Six Charges Under Four Laws

Bijnor district court rejected his bail on 22 January, citing “grave crimes”. Shaqib had been booked under sections 363 (kidnapping), 366 (kidnapping, abducting or inducing a woman to compel her for mar­riage) of the Indian Penal Code (IPC), 1860 and under sections 3 and 5 of the newly passed law prohibiting “unlawful conversions” through inter-faith marriage. 


Since the girl was reportedly a minor and Dalit, additional charges were made out under section 18 (punishment for attempt to commit an offence) of the Protection of Children from Sexual Offences Act, 2012, which is punishable by upto “one half of the imprisonment for life”. He was also charged under section 3(2)(v) of the Scheduled Castes and Scheduled Tribes (Prevention of Atrocities) Act 1989 which carries the maximum punishment of a life-term. 


Lawyer Ramesh Kumar moved the Allahabad high court on 12 February for bail. The case was taken up on 24 February, the hearing posted for 15 March. 


On 15 March, the court observed that since Shaqib was also charged under the law on atrocities against Dalits, the complainant should be given notice. A court strike put off the 22 April hearing, and connectivity issues pushed back the 7 May hearing as well.

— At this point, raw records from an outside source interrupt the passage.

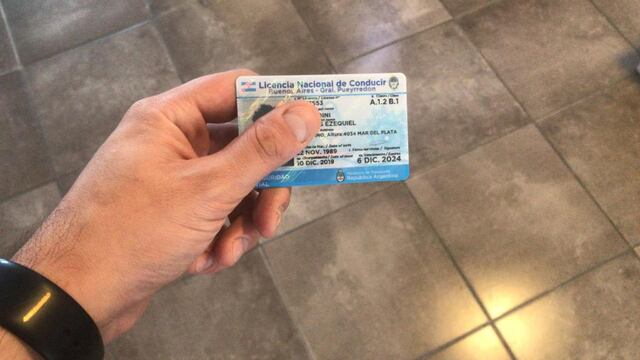 Para tramitar la licencia de conducir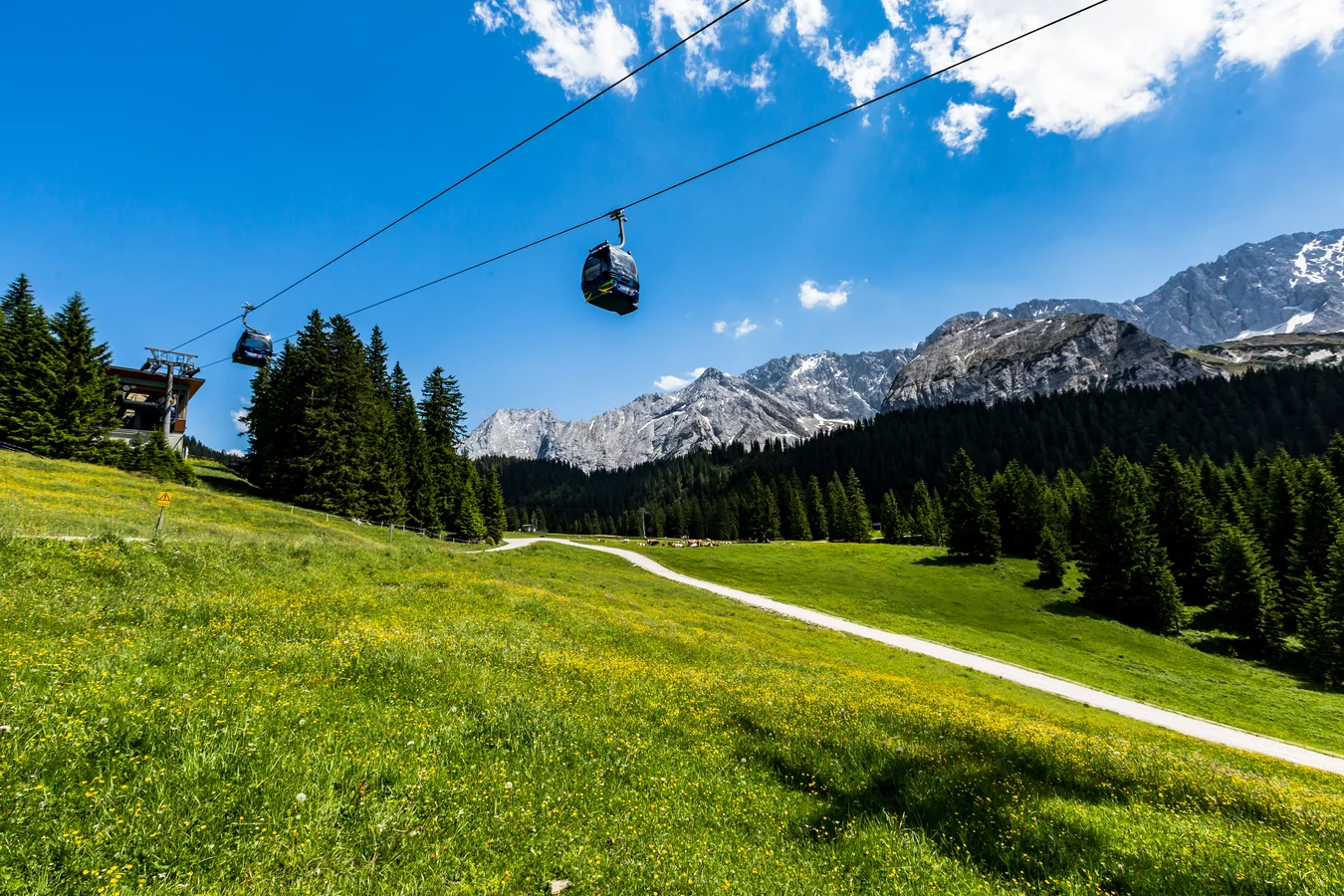 Accesible Descolorar aficionado Cable cars & lifts | Tiroler Zugspitz Arena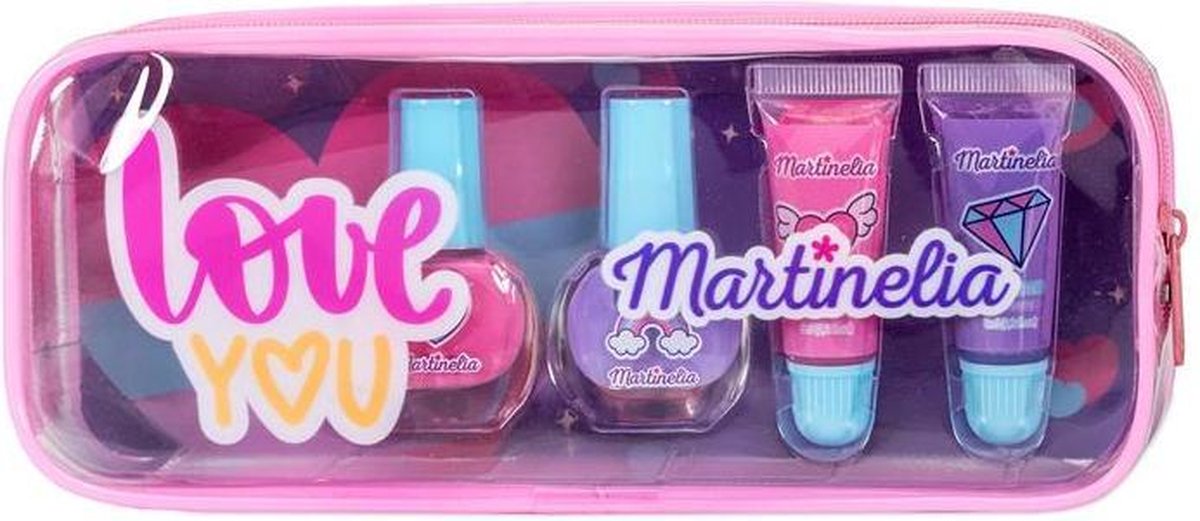 Martinelia Love you - make up set - cadeau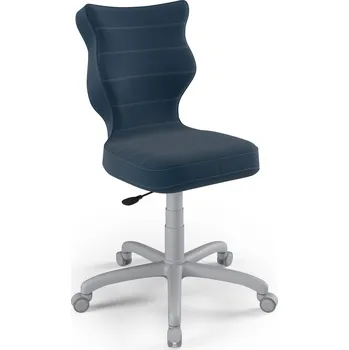 Entelo Židle dětská Petit , šedá Velvet 24 velikost 3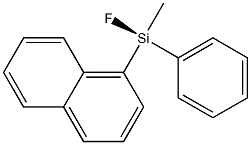 13132-41-7 (S)-Methylfluoro(1-naphtyl)phenylsilane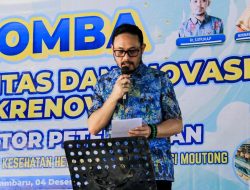 Pemkab Parimo Luncurkan Program Krenova Sub Sektor Peternakan 2025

Finally, the court heard his bail plea on 15 June. 


Shaqib’s mother had told Article 14 that he worked as an understudy to a welder in Dehradun for two months and returned to their village only on 9 December, 2020. Within a week, he was in jail on non-bailable “love-jihad” charges.  


Arif, illiterate like his brothers and mother, is grateful for the funds that helped the family secure bail. “Crowdfunding and support of human rights organizations helped us secure his release,” said Arif. 

We had lost all hope. We do not know the law. All we know is that my brother is mentally unstable and made a victim of a conspiracy.” 


The girl and her family, who spoke to reporters at the time of the event, now refuse to talk. “It is impossible that the ‘victim’ did not know the real identity (religion) of my client because only Muslims live in Kirar Khedi,” said Kamaal.


In Allahabad court, Kumar submitted that the case was  “false and concocted” and Shaqib had no criminal records. He said the FIR had been delayed by 29 hours while Shaqib stayed in police custody though the police station was barely 10 km from where the incident occurred. 


The bail order directs Shaqib not to “tamper with the witnesses” and commit to “not indulge in any illegal activities during the bail period”. The case will now continue in Bijnor court. 


(Saurabh Sharma is an independent journalist based in Lucknow.)